W poniedziałkowy poranek 03.10.22 ruszyliśmy w skąpanym deszczu autokarze na podbój Sudetów Środkowych. Podroż do pierwszego miejsca minęła spokojnie i pełni energii, idąc bukowym lasem, dotarliśmy do bram zamku Grodno w Zagórzu Śląskim. Zmęczeni posililiśmy się, a najsilniejsi z naszych wojów zakupili rycerskie gadżety abyśmy godnie zaprezentowali się w komnatach zamkowych. Zwiedzanie rozpoczęliśmy od sali tortur i lochu w podziemiach...brr...

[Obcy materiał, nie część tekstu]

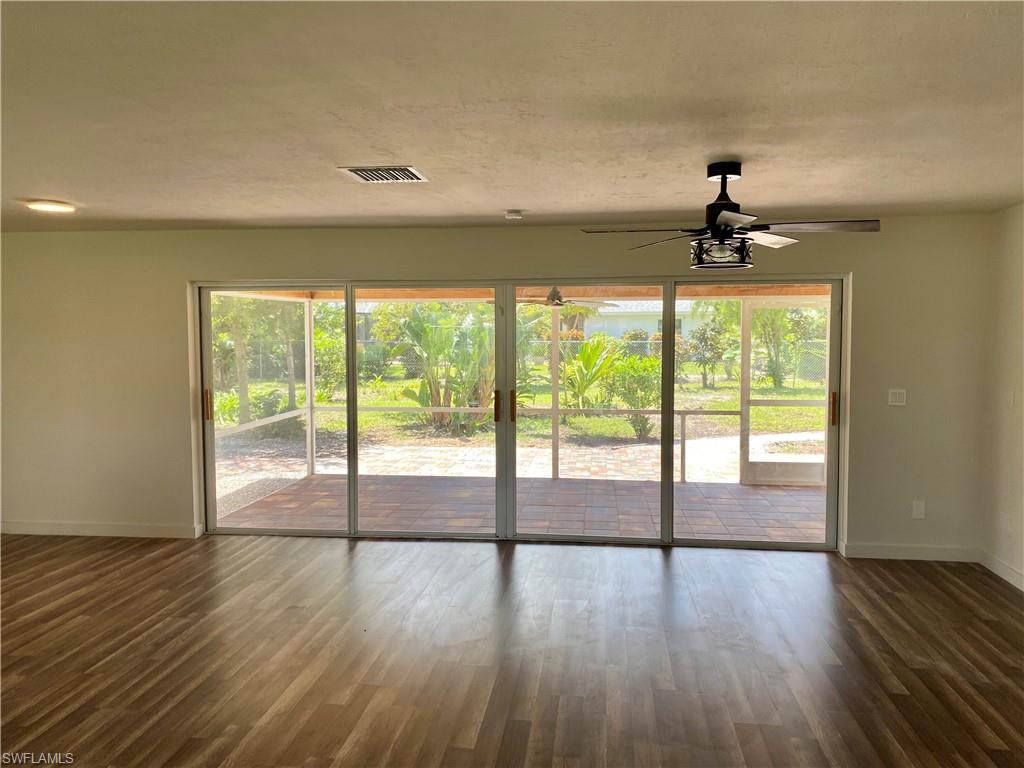 1306 Se 43rd Ter Property Photo 17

Potem wspięliśmy się na wieżę zamkowa, skąd mogliśmy podziwiać zaporę i jezioro. Wiatr nas szybko przegonił do sali multimedialnej. Było cudownie poleżeć na pufach i obejrzeć film o zamku na suficie. Rewelacja! Szkoda, że nie możemy mieć takich ekranów w szkole i leżeć na lekcjach :(
Po zamkowych atrakcjach udaliśmy się do Rzeczki, aby zdobyć Wielką Sowę – 1015 m n.p.m. zaliczaną do Korony Gór Polskich. Duch Gór jednak uznał, że nie możemy wejść na szczyt. Nastąpiło nagłe załamanie pogody. Deszcz, grad, silny porywisty wiatr i przeraźliwe zimno wypędziło nas z Rzeczki do Kopalni w Nowej Rudzie.
W muzeum górnictwa czekała na nas Pani przewodnik, która opowiedziała historię kopalni i pokazał nam wiele ciekawych rekwizytów. Potem zabezpieczeni kaskami weszliśmy do sztolni i powędrowaliśmy do wnętrza ziemi – 45 metrów pod powierzchnie Ziemi. Wyprawa była przeznaczona dla osób o mocnych nerwach i zdrowym sercu – Skarbnik – duch kopalni płatał nam figle i straszył nas w najmniej oczekiwanym momencie. Na koniec wyjechaliśmy na powierzchnię wagonikami, które wzbudzały wiele emocji. Energię odzyskaliśmy po ognisku z kiełbaskami i oczywiście obfitych ...zakupach w sklepiku kopalni. Na zakończenie wyruszyliśmy na spacer do Schroniska Orzeł, aby podziwiać piękne górskie widoki.